If the support region is not rectangular (e.g., the support depends on both \( x \) and \( y \) jointly), then \( X \) and \( Y \) cannot be independent. For instance, \( f(x,y) = x + y \) on the unit square has a rectangular support, but since \( f(x,y) \neq f_X(x)\,f_Y(y) = (x + 1/2)(y + 1/2) \), the variables are not independent.

Functions of Independent Variables. If \( X \) and \( Y \) are independent and \( g, h \) are real-valued functions, then \( g(X) \) and \( h(Y) \) are independent.

2.5 Joint Expectation, Covariance, and Correlation

Joint Expectation. For a function \( h(x, y) \) of jointly distributed random variables:

Discrete case: \( E[h(X, Y)] = \sum_{(x,y) \in A} h(x, y)\,f(x, y) \).

Continuous case: \( E[h(X, Y)] = \int_{-\infty}^{\infty}\int_{-\infty}^{\infty} h(x, y)\,f(x, y)\,dx\,dy \).

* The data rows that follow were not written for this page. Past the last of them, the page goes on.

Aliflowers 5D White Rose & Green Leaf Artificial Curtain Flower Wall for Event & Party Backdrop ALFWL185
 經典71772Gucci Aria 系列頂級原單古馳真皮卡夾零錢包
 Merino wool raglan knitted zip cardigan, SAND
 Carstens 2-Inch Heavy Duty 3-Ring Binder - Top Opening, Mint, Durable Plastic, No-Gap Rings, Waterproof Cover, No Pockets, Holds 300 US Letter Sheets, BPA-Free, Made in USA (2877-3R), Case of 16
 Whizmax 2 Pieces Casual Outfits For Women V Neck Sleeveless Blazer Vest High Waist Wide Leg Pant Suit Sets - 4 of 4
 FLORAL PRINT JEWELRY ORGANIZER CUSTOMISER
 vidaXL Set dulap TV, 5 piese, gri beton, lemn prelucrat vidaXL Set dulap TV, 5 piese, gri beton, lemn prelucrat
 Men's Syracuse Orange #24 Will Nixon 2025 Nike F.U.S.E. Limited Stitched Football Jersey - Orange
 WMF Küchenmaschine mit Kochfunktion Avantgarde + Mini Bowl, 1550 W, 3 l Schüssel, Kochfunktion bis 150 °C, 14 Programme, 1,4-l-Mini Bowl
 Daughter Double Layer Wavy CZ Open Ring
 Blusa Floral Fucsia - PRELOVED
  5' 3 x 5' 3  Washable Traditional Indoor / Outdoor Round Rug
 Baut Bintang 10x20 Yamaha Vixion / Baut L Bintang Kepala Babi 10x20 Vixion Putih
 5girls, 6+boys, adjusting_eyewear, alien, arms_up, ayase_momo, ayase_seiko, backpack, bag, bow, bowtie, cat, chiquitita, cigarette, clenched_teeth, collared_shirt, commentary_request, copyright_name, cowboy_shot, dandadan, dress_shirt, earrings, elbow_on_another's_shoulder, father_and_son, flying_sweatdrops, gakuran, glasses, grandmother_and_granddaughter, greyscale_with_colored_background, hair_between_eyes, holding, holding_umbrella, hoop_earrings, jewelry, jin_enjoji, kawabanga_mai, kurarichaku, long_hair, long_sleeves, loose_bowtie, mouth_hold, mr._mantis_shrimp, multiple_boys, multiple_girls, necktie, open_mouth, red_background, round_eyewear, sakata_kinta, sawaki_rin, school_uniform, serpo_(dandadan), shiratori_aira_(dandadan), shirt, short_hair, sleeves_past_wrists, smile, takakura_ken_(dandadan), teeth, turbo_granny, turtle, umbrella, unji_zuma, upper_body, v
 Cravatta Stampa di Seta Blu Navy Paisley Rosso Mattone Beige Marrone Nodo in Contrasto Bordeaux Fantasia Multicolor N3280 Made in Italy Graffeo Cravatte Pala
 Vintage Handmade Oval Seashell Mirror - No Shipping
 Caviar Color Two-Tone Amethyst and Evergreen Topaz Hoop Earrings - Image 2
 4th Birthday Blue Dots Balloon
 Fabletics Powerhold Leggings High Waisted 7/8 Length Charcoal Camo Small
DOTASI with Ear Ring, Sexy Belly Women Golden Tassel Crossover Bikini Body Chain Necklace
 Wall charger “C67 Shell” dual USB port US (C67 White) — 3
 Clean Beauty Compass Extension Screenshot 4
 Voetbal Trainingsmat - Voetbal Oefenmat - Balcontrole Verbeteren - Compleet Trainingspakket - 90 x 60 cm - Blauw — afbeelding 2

Linearity of Expectation (general). For any random variables \( X_1, \ldots, X_n \) and constants \( a_1, \ldots, a_n \): \[ E\!\left[\sum_{i=1}^n a_i X_i\right] = \sum_{i=1}^n a_i\,E[X_i]. \] This holds regardless of whether the variables are independent.

Independence and Expectation. If \( X \) and \( Y \) are independent and \( g(x), h(y) \) are real-valued functions, then \[ E[g(X)\,h(Y)] = E[g(X)]\,E[h(Y)]. \] More generally, if \( X_1, \ldots, X_n \) are independent: \( E\!\left[\prod_{i=1}^n g_i(X_i)\right] = \prod_{i=1}^n E[g_i(X_i)] \).

Covariance. The covariance of \( X \) and \( Y \) is \[ \text{Cov}(X, Y) = E[(X - \mu_X)(Y - \mu_Y)] = E[XY] - E[X]\,E[Y]. \] If \( X \) and \( Y \) are independent, then \( \text{Cov}(X, Y) = 0 \). The converse is not generally true.

Correlation Coefficient. The correlation coefficient is the standardized covariance: \[ \rho(X, Y) = \frac{\text{Cov}(X, Y)}{\sqrt{\text{Var}(X)}\,\sqrt{\text{Var}(Y)}}. \] It satisfies \( -1 \leq \rho(X, Y) \leq 1 \). Equality \( |\rho| = 1 \) holds if and only if \( Y = aX + b \) for some constants with \( a \neq 0 \).

Variance of a Linear Combination.

(1) \( \text{Var}(aX + bY) = a^2\,\text{Var}(X) + b^2\,\text{Var}(Y) + 2ab\,\text{Cov}(X, Y) \).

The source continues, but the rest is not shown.